Insight Toolkit (ITK) -- Official Repository. ITK builds on a proven, spatially-oriented architecture for processing, segmentation, and registration of scientific images in two, three, or more dimensions.
https://itk.org
Apache License 2.0
1.37k stars 660 forks source link

String manipulation security: Remove snprintf with user defined formatting options. #4621

Open hjmjohnson opened 2 months ago

hjmjohnson commented 2 months ago

Description

Allowing users to specify formatting strings at runtime is a well known exploitable code security vulnerability.

We currently suppress these warnings, but it would be better to re-write the codebase to avoid the security vulnerability all together.

Steps to Reproduce

    ITK_GCC_PRAGMA_PUSH
    ITK_GCC_SUPPRESS_Wformat_nonliteral
    snprintf(fileName, IOCommon::ITK_MAXPATHLEN + 1, m_SeriesFormat.c_str(), fileNumber);
    ITK_GCC_PRAGMA_POP

Expected behavior

No warning suppression and no security vulnerability.

Actual behavior

When ITK_GCC_SUPPRESS_Wformat_nonliteral supression are disabled, warnings are issued.

Reproducibility

New compilers, and requesting -Wformat-nonliteral

Versions

Since the earliest versions of ITK to at least 2024-04-29

Additional Information

https://github.com/InsightSoftwareConsortium/ITK/pull/4616#discussion_r1583057823

dzenanz commented 2 months ago

Removing this feature is likely to just push it into the application code, for the applications that already use it. And it is a non-issue for most applications. Leaving it in, makes it easy for applications to expose this security vulnerability to the end-user. But how much of an issue is this? I think this issue should be a low priority.

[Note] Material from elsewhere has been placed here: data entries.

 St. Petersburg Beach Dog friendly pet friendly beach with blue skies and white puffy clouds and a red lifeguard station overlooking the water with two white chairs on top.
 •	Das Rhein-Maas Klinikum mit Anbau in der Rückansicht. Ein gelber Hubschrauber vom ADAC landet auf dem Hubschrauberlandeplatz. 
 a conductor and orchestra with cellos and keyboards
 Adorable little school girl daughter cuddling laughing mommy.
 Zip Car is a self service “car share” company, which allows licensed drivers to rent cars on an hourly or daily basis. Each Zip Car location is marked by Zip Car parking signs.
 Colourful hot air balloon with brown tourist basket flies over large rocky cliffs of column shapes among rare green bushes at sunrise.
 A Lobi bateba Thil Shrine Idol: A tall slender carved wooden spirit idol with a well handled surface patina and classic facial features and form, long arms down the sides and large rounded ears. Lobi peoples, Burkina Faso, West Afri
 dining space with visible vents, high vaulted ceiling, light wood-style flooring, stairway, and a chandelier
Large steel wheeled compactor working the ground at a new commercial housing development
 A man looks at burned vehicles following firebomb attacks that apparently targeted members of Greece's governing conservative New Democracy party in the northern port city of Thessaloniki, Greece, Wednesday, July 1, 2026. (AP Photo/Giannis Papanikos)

N-Dekker commented 2 months ago

This issue only applies to m_SeriesFormat, right? As far as I can see, that's the only case where the user is allowed to specify the formatting by a printf-like string.

The least we could do is add a warning/note to m_SeriesFormat and its setter.

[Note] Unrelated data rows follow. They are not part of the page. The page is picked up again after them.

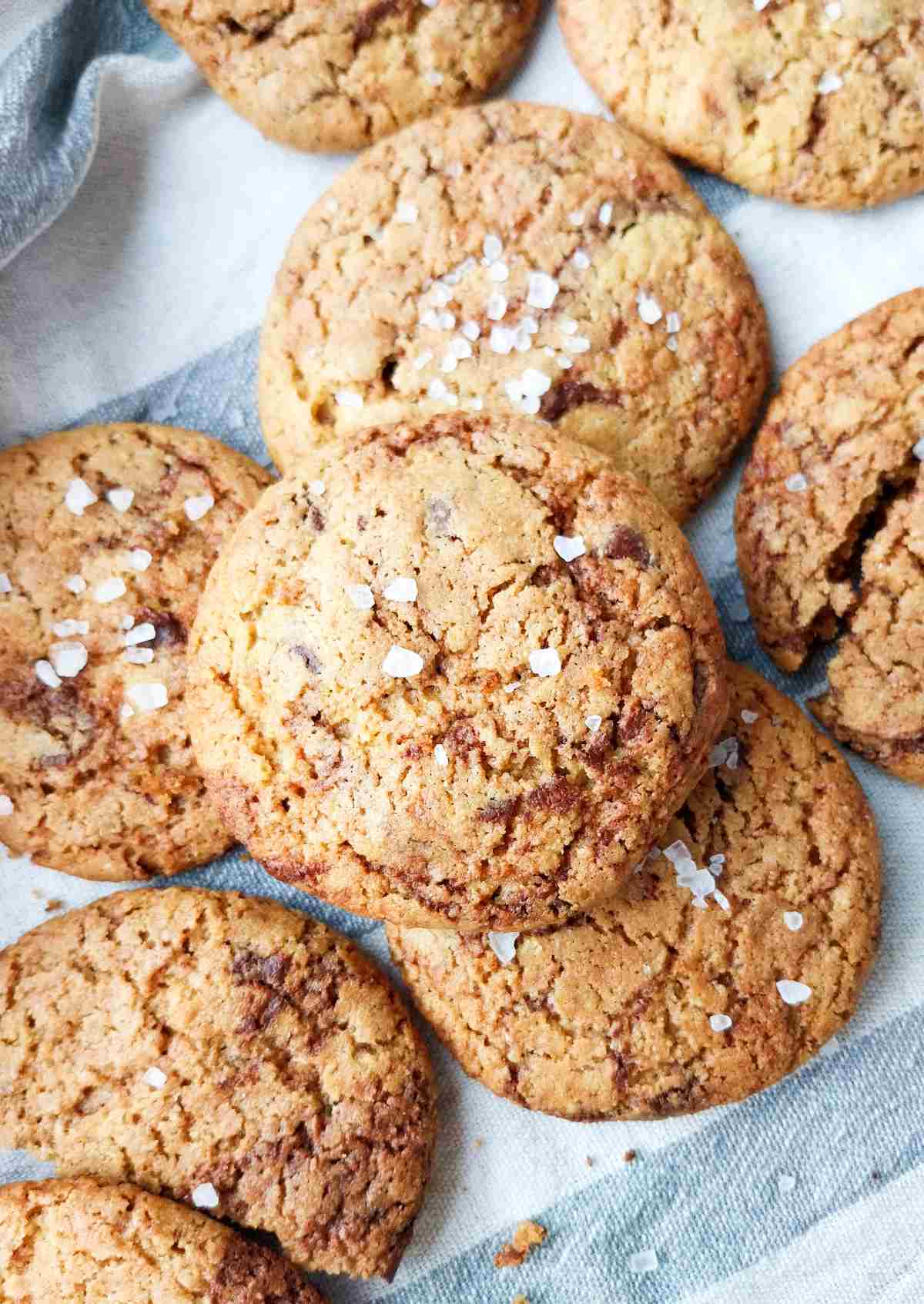 Millet cookies with flaky salt sprinkled on them on a kitchen towel on top of each other.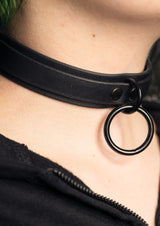 Schwarzes Lederhalsband mit Metallring.
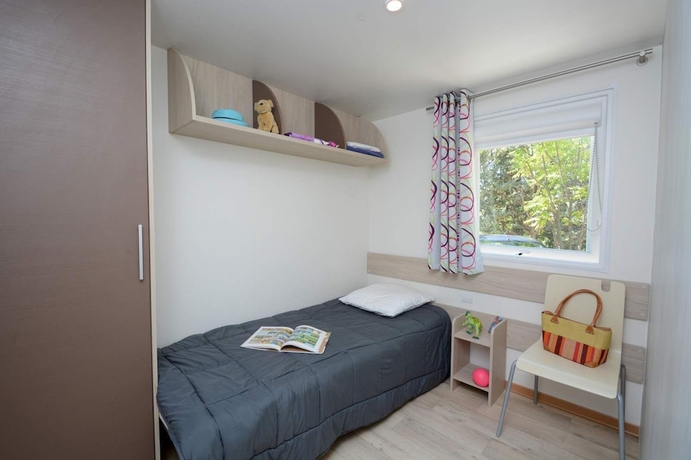 Imagen de la habitación del Hotel Camping Le Vieux Colombier. Foto 3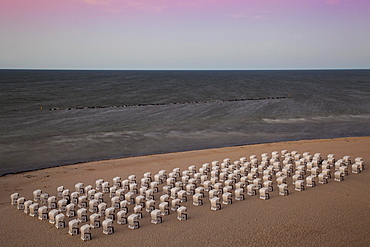 White beach chairs on the beach at twilight, Baltic Seaside Resort Sellin, Rügen, Mecklenburg-Western Pomerania, Germany, Europe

In the future, we could maybe replace it with a C++20 std::format based implementation.

seanm commented 2 months ago

Removing this feature is likely to just push it into the application code, for the applications that already use it.

Depends, in user's application code, it might be a compile-time constant.

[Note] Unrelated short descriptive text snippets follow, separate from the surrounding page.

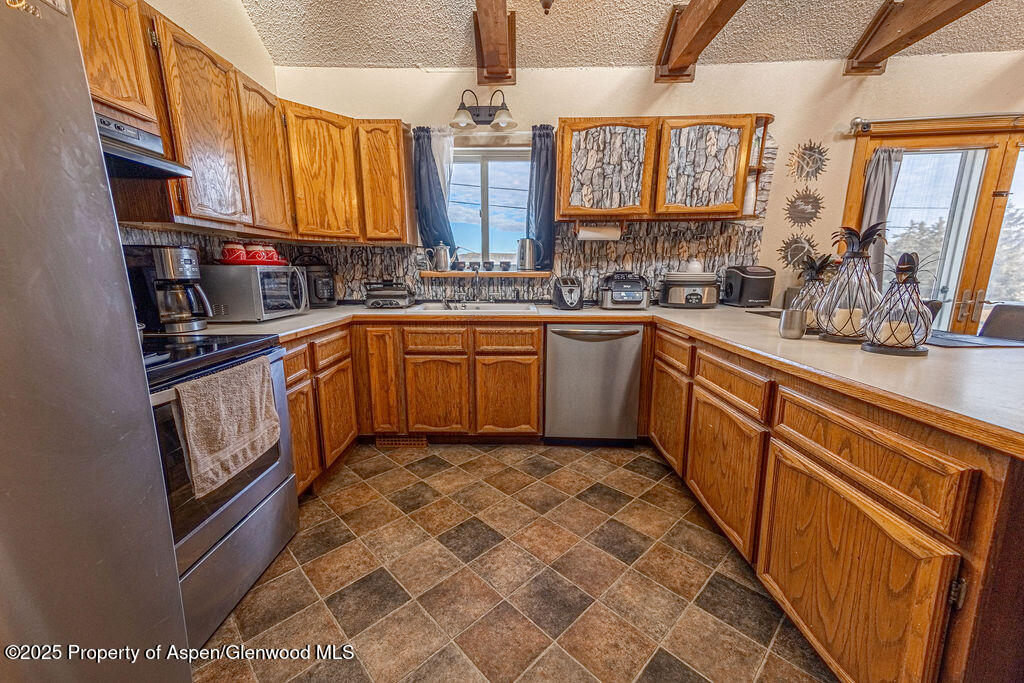 298 Middle Street Rangely, CO 81648 - Photo 8 of 75 a kitchen with stainless steel appliances granite countertop a sink and cabinets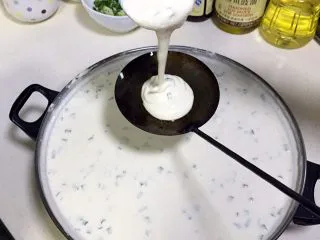 福建小吃—油饼,待油温加热超过180度时,从锅内取出油饼勺,往油饼勺内倒入一勺豆米浆。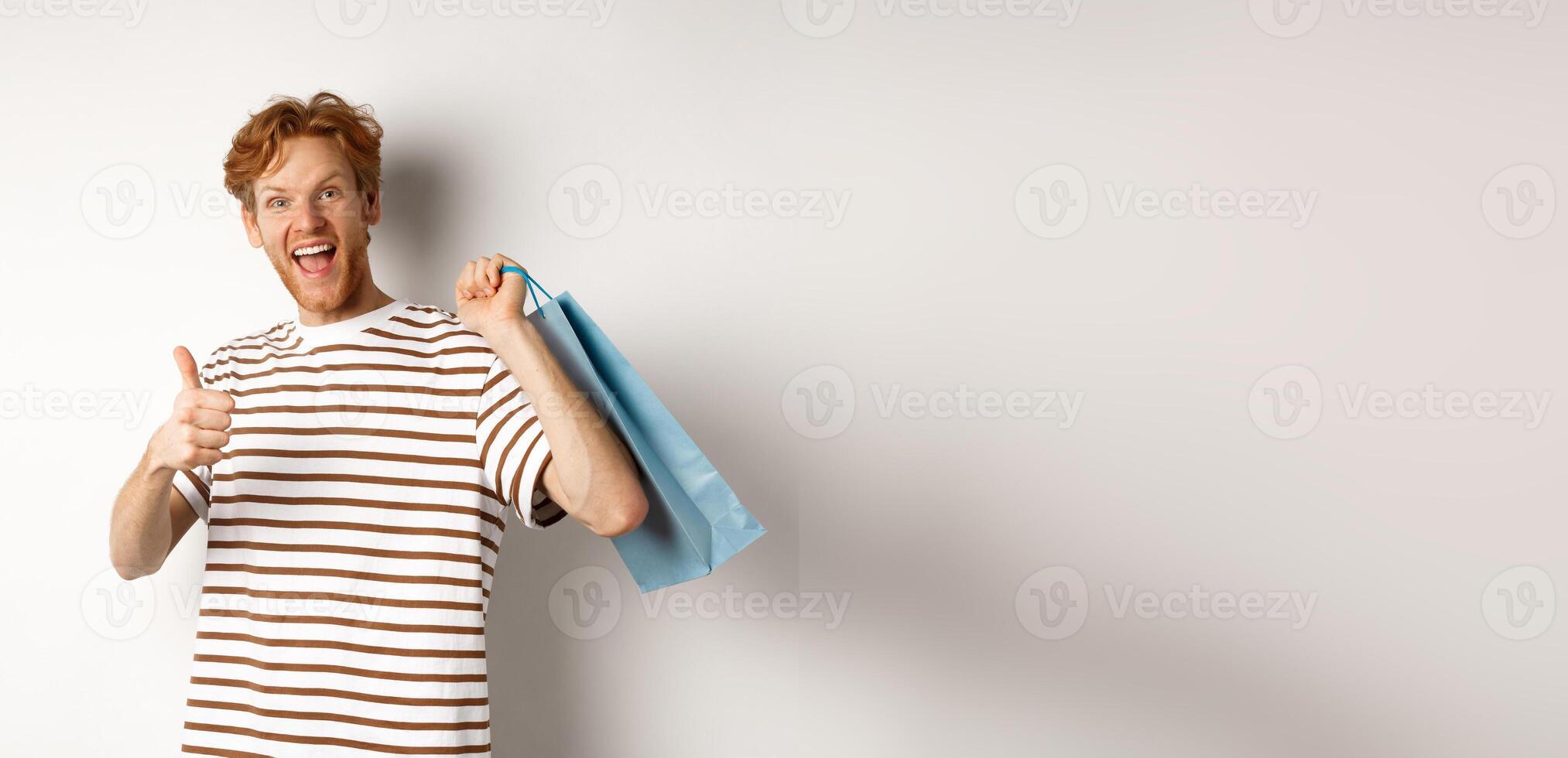 Happy young man with red hair, shopping in stores, showing thumbs-up and holding paper bag over shoulder, recommending shop, white background photo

This issue only applies to m_SeriesFormat, right? As far as I can see, that's the only case where the user is allowed to specify the formatting by a printf-like string.

Yes, only one I see too. And the only warnings here too: https://open.cdash.org/viewBuildError.php?type=1&buildid=9579695

In the future, we could maybe replace it with a C++20 std::format based implementation.

How would that help?

N-Dekker commented 2 months ago

In the future, we could maybe replace it with a C++20 std::format based implementation.

How would that help?

Correction: I should say std::vformat, not std::format! std::vformat checks that the passed parameters match with the format string. It prevents hackers from accessing arbitrary memory through the format string.


Looking at https://github.com/InsightSoftwareConsortium/ITK/blob/487da6d086b341808147c71e8dd1eb1f57371ea6/Modules/IO/ImageBase/include/itkImageSeriesWriter.hxx#L143

snprintf(fileName, IOCommon::ITK_MAXPATHLEN + 1, m_SeriesFormat.c_str(), fileNumber);

Could then (when using C++20) be replaced with something like:

std::string fileName = std::vformat(m_SeriesFormatString, fileNumber);
seanm commented 2 months ago

Ah that looks promising. I guess it could even be done today, wrapped in #if __cplusplus > xyz and falling back to snprintf in the #else.

N-Dekker commented 2 months ago

Ah that looks promising. I guess it could even be done today, wrapped in #if __cplusplus > xyz and falling back to snprintf in the #else.

Well, ideally yes. But the format of std::format/std::vformat is different from the old printf/snprintf "%d" format. So it would be an API change 🤷 .

blowekamp commented 2 months ago

2 cents: For SimpleITK we did not expose these methods and pushed the generation or globing to scripting language. Other languages seem more expressive, and less error prone for these types of operations.

dzenanz commented 2 months ago

I guess that will be easier from C++ too, when C++20 is available.